Au milieu de l’agitation qui gagne la rue du Faubourg Saint-Antoine, l’actrice Liliane Rovère (« Dix pour cent ») est venue manifester « pour la même raison que les autres » : la nomination d’un Premier ministre issu du NFP et « contre la politique d’Emmanuel Macron, en général, depuis sept ans ». Que pense-t-elle de la procédure de destitution ? « Si on y arrive, oui », répond-elle le sourire en coin. Puis l’air plus grave : « Ce serait pas mal, parce qu’il ne s’en ira pas tout seul. »
Vers 14 heures, la rue est pleine à craquer. La foule en devient oppressante par endroits. Une femme désespère de trouver une façon de sortir : « Ça commence à m’angoisser. » Quelques pancartes s’agitent au-dessus des têtes. On lit : « Le pire président de tous les temps », « Où est mon vote ? ». « C’est lunaire ce qui est en train de se passer et ça n’a l’air de déranger personne », explique Zoé, la trentaine, venue avec Nadia, une « amie-collègue ». « J’aimerais que ça lui mette un peu la honte à l’étranger. Je lis la presse étrangère qui est très choquée de ce qui se passe ici. On allume la télé chez nous, et c’est comme si tout était normal », partage cette dernière. Anna, une Italienne installée en France depuis 25 ans, n’a pas pu voter aux élections législatives, en tant qu’étrangère. Mais la victoire du Nouveau Front populaire, le 7 juillet, l’a rendue particulièrement fière des Français, « surtout quand on voit ce qu’il se passe en Italie ». « J’ai décidé depuis que le NFP a gagné de demander la nationalité », explique-t-elle. Même si la suite des événements a été décevante.

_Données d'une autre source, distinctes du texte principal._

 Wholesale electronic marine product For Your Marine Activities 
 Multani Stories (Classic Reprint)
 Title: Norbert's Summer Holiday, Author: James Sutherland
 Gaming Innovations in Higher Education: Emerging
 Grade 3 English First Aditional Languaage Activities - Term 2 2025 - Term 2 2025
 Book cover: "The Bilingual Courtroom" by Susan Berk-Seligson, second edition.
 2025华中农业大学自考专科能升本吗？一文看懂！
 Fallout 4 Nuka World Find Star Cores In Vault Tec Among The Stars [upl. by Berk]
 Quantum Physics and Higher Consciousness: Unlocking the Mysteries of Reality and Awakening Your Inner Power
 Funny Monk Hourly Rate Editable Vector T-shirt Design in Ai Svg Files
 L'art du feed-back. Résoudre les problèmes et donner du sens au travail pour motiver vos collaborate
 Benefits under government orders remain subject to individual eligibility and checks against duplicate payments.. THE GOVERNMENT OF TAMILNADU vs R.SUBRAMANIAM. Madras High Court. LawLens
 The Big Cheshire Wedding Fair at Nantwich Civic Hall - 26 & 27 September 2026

Près d’une heure après le début officiel de la manifestation, le cortège semble à l’arrêt. Parmi les jeunes qui ont répondu présent, Marie (1), 22 ans, est descendue contre « l’alliance avec le RN », référence au fait que la nomination de Michel Barnier a eu l’aval du RN, qui n’a pas menacé de le censurer d’office. « Des personnes ont voté Macron contre l’extrême droite, donc il a aussi trahi son propre électorat », observe-t-elle. La destitution, elle n’y croit pas trop non plus. « C’est symbolique. » Autour d’elle, ses amis plus timides semblent approuver. Au-delà de cette proposition, Jean-Luc Mélenchon promet aux manifestants de voter la censure du nouveau gouvernement. « Quoi qu’il arrive, nous voterons la censure d’un tel gouvernement à l’Assemblée nationale », scande-t-il dans un micro. L’insoumis promet de « mettre au défi » tous les « beaux parleurs qui étaient venus vous cajoler pendant les élections de ne pas voter cette censure ». Sans oublier ceux « qui se disent les représentants du refus du système et qui en sont en réalité l’assurance-vie la plus constante » : « Je parle du Rassemblement national ». Aux alentours de 16 heures, le cortège arrive place de la Nation. Dans une brasserie où de nombreux manifestants se sont installés, on chante « Macron démission » pour encourager le cortège. Le ton est donné.